> **EXERCISE REQUIREMENTS**:
Return verbatim the lines that run from the one holding "Yellow-throated Toucan (swainsonii)" to the end of the listing, both ends included, without the pictures.
START COLLECTED MATERIAL
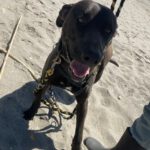 Labrador Mischling Naruto, 02/2024, ca. 57 cm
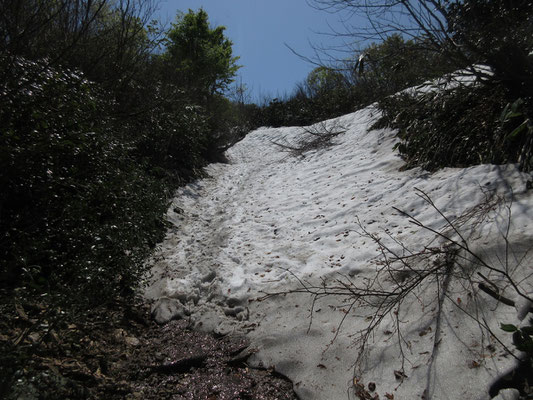 上の方に来ると何箇所か雪田の通過を繰り返す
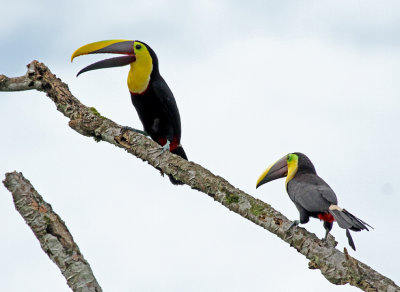 Yellow-throated Toucan (swainsonii)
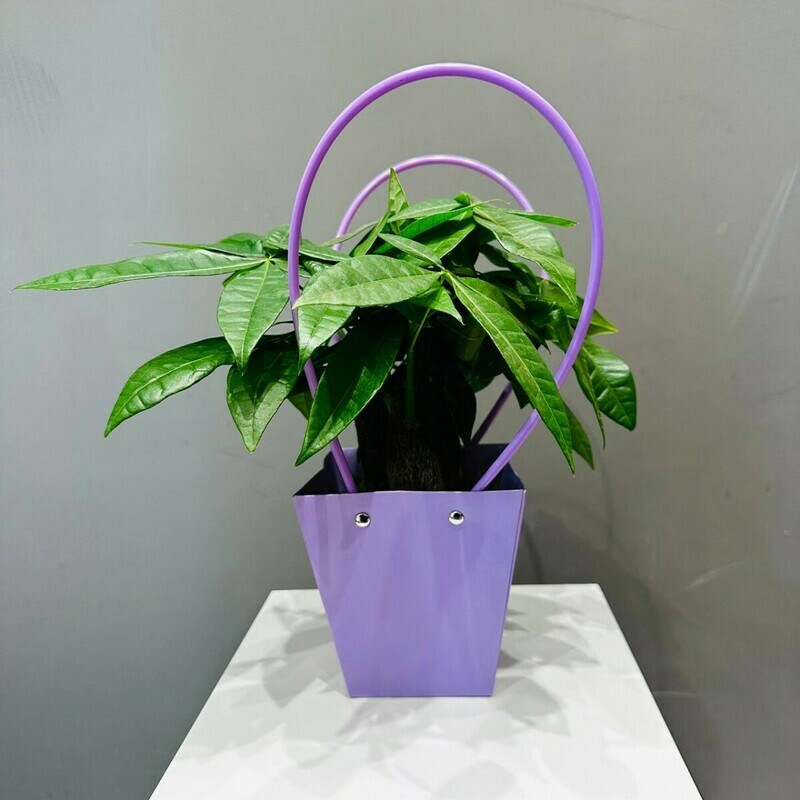 Пахира Three-Branch в подарочной сумочке, стандартный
END COLLECTED MATERIAL
> **ANSWER SECTION**:
 Yellow-throated Toucan (swainsonii)
 Пахира Three-Branch в подарочной сумочке, стандартный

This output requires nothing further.